Con il ricorso per Cassazione l'imputato, per il tramite del difensore di fiducia, deduce:
1) violazione di legge, con particolare riferimento alla valutazione del nesso causale che nella specie sarebbe stato interrotto per il comportamento abnorme del lavoratore, atteso che era stato accertato che l'operazione in questione andava effettuata a rullo fermo;
2) illogicità di motivazione circa la ritenuta inadeguatezza tecnica del macchinario su cui si è verificato l'incidente, atteso che secondo gli accertamenti compiuti dal funzionario della S. la cautela aggiuntiva che era stata ritenuta necessaria dopo l'incidente non sarebbe stata in realtà sufficiente ad evitare lo stesso in quanto riguardava la fase di funzionamento della macchina e non quella di avviamento;
3) erronea valutazione della responsabilità del datore di lavoro sotto il profilo dell'attività allo stesso richiesta dal d.lgs. 626/94.

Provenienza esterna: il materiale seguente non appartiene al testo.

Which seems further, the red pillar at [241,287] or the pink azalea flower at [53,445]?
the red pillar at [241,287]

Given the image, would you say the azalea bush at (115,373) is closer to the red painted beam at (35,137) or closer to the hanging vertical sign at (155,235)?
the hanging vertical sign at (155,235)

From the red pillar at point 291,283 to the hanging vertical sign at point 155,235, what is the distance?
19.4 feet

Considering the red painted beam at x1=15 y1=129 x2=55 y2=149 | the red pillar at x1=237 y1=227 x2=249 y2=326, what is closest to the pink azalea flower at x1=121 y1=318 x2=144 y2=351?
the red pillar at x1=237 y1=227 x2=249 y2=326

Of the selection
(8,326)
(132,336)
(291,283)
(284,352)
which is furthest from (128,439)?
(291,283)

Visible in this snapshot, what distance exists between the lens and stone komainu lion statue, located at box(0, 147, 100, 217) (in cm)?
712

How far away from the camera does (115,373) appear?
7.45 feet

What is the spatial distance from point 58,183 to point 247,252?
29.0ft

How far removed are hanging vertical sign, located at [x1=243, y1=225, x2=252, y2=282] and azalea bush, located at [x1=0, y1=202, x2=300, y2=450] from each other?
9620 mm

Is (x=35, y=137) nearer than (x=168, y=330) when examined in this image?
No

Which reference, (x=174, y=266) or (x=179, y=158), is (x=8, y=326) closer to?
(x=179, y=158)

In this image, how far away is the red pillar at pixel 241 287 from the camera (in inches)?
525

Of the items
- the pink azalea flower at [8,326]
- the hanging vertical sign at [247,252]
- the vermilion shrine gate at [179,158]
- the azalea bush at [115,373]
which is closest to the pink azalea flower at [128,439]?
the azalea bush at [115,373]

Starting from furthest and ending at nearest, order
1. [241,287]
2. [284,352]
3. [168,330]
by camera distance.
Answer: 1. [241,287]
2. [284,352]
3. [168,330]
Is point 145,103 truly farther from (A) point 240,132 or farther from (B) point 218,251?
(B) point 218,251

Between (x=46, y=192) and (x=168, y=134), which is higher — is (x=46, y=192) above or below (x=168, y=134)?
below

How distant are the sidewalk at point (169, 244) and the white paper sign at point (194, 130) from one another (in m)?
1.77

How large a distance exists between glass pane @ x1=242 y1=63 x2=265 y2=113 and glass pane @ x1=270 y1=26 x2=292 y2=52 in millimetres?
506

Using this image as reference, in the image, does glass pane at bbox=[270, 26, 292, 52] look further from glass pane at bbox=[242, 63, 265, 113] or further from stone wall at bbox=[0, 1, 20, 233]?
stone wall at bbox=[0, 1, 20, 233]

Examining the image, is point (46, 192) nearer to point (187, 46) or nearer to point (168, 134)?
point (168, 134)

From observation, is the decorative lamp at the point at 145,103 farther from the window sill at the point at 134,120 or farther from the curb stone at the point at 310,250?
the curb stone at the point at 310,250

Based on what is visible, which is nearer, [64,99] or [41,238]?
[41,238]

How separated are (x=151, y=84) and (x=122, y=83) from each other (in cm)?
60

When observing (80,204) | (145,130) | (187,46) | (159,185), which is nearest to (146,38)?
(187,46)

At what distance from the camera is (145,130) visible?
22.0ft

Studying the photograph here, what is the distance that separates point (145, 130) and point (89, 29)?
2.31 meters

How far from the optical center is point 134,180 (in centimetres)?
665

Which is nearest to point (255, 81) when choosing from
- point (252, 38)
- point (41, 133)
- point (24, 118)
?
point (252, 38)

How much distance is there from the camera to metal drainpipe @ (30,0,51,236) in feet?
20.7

Il ricorso è infondato e deve pertanto essere rigettato.
Con riferimento al primo motivo, è sufficiente osservare che il principio espresso concordemente dai giudici di primo e secondo grado - secondo cui il datore di lavoro è responsabile anche degli infortuni ascrivibili a imperizia, negligenza ed imprudenza del lavoratore, salvo i casi della assoluta abnormità del comportamento di quest'ultimo - è assolutamente corretto e conforme alla costante e pacifica giurisprudenza di questa Corte. Occorre al riguardo ricordare l'esistenza in capo al datore di lavoro di una posizione di garanzia che gli impone di apprestare tutti gli accorgimenti, i comportamenti e le cautele necessari a garantire la massima protezione del bene protetto, la salute e l'incolumità del lavoratore appunto, posizione che esclude che il datore di lavoro possa fare affidamento sul diretto, autonomo, rispetto da parte del lavoratore delle norme precauzionali, essendo invece suo compito non solo apprestare tutti gli accorgimenti che la migliore tecnica consente per garantire la sicurezza degli impianti o macchinar utilizzati ma anche di adoperarsi perché la concreta esecuzione del lavoro avvenga nel rispetto di quelle modalità.

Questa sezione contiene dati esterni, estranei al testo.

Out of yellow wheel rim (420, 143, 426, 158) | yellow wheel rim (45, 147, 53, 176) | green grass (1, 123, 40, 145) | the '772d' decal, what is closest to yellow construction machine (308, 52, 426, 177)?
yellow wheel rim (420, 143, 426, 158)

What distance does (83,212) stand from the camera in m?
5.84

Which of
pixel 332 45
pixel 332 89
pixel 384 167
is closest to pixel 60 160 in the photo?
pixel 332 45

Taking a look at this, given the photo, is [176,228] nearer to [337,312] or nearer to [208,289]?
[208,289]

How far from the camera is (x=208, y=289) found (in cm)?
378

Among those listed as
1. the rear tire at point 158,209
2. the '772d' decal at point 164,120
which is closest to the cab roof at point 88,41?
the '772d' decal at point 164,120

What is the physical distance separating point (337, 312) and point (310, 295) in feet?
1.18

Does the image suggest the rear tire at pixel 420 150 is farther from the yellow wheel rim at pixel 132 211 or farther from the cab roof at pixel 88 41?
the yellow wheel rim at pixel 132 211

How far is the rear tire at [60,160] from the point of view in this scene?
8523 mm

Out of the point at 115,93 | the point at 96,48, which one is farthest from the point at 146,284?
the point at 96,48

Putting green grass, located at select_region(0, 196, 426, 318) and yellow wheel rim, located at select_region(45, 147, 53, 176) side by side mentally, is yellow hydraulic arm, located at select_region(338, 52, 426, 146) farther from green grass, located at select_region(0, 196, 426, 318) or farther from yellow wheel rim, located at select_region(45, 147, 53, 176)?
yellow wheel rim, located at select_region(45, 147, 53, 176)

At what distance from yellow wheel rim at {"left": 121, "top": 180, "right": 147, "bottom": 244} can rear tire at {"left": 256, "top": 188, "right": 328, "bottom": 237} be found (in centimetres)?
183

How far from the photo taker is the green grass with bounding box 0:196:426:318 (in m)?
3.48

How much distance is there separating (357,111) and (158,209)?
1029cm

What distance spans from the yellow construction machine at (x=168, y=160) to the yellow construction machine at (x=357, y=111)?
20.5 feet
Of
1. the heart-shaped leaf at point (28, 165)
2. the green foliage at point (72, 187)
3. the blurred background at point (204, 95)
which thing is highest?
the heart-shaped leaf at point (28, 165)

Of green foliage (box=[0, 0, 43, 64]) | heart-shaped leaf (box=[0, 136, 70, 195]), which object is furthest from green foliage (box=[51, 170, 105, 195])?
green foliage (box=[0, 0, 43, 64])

In particolare è stato già affermato (Cass. sez. 4ª 27.11.96 n. 952 m.u. 206990) "Il datore di lavoro, destinatario delle norme antinfortunistiche, è esonerato da responsabilità solo quando il comportamento del dipendente sia abnorme, dovendo definirsi tale il comportamento imprudente del lavoratore che o sia stato posto in essere da quest'ultimo del tutto autonomamente e in un ambito estraneo alle mansioni affidategli - e, pertanto, al di fuori di ogni prevedibilità per il datore di lavoro - o rientri nelle mansioni che gli sono proprie ma sia consistito in qualcosa di radicalmente, ontologicamente, lontano dalle ipotizzabili e, quindi, prevedibili, imprudenti scelte del lavoratore nella esecuzione del lavoro".
Tanto premesso in linea teorica, del tutto corretto è l'accertamento che hanno compiuto i giudici di merito circa la non abnormità del comportamento del G. in quanto la manovra dal medesimo posta in essere, se pure errata e pericolosa, rientra nel novero delle violazioni comportamentali che i lavoratori perpetrano quando ritengono di aver acquisito una padronanza del mezzo e della funzione tale da consentire, a loro giudizio, di omettere alcune manovre di sicurezza, o anche per mera distrazione e in quanto tali sono ben prevedibili e devono essere neutralizzate attraverso gli opportuni accorgimento, nella specie imposti dall'art. 41 dpr 547/1955.
Manifestamente infondati sono poi il secondo e il terzo motivo di ricorso;
il secondo in quanto si deducono circostanze di fatto che non possono trovare apprezzamento da parte della Corte;
il terzo atteso che la sentenza di primo grado già aveva posto in luce la inadeguatezza della valutazione dei rischi in quanto effettuata sul presupposto del corretto utilizzo degli impianti e dei macchinari, senza prendere in considerazione la possibilità di comportamenti errati e di imprevisti, possibilità che costituisce l'essenza stessa del concetto di prevenzione.

P.Q.M.

La Corte:
- Rigetta il ricorso e condanna il ricorrente al pagamento delle spese del procedimento.
Così deciso in Roma, il 3 giugno 2004.